I'm a potential customer for this lens. I still shoot with the old Nikon 17-35/2.8 (which self-converted to manual focus) on an FTZ despite it's relatively poor imaging performance compared to modern-design lenses. I'll need to see how bad the diffraction softening gets at f/11 and f/16 to make a final decision.
I bought this lens a week ago and just finished post-processing the first batch of images. For context, my reference lenses, i.e. the lenses I am naturally comparing this Tamron to, are the Canon EF 17-40mm f/4L II and the Sony 24-70mm f/2.8 GM II.
TLDR: I am more than happy, in fact I am pleasantly surprised.
For nearly all "serious" work I mostly rely on primes, and bought this lens to photograph parties, my kids, and events in confined spaces, mostly indoors, nearly always at f/2.8 or f/4 due to limited light.
I knew it wasn't a heavy lens, but as many of you know the specs alone do not always tell the whole story. The lens feels incredibly light in hand, the good kind of light when it doesn't scream cheap. The build is good. I use it mostly on the Zf, which doesn't like even slightly heavy lenses, and I have no complaints regarding how everything balances.

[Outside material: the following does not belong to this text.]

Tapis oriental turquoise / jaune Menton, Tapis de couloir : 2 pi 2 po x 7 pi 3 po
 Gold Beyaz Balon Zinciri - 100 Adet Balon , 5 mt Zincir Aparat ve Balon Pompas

I did not bother with testing extreme corners, field flatness, or flare resistance because these attributes do not matter for my use case here. My real world images look exactly how I want them to be. Sharpness is very good at f/2.8 in the central 2/3rd of the frame. Not as biting as the Sony GM zoom, but equal to my EF 17-40mm in the center, and perhaps slightly better in DX corners. What is remarkable is that its performance appears to be the same regardless of the focal length. I dislike lenses with "gotchas", and this one is not one of them.
For the first time in my life, I got influenced by you guys and checked the lens for "decentering". I noticed the far left corner being a touch softer @f/2.8 at 16mm. It doesn't bother me at all. Other focal lengths like 20mm and 30mm appear to be equal everywhere.
The only criticism I have is the overly lightweight zoom action. It zooms with almost no effort. There's no gravity-induced zoom drift though. Ok, another nitpick is the exposed USB-C port. Even my office equipment with naked ports tends to accumulate dust in them. I wish Tamron offered some kind of a rubber plug for it.
I will say that ultra wide angle is a challenge for me. I can't stand stretched objects, meanwhile even the sky looks like shit when viewed wider than 20mm. Some learning & experimenting to do! Cheers!
old-gregg wrote:
Ok, another nitpick is the exposed USB-C port. Even my office equipment with naked ports tends to accumulate dust in them. I wish Tamron offered some kind of a rubber plug for it.
I was also bothered by the exposed USB port on mine (I also have the Tamron 70-180/2.8 G2 with the same issue). I ended up buying some USB-C port plugs on Amazon.
I do prefer the USB-C port on the barrel of the lens so you can use these plugs, I have a few Viltrox and other Chinese lenses where the USB port are on the face of the mount, where it’s not possible to use a plug without fiddling with it every time you mount/unmount the lens.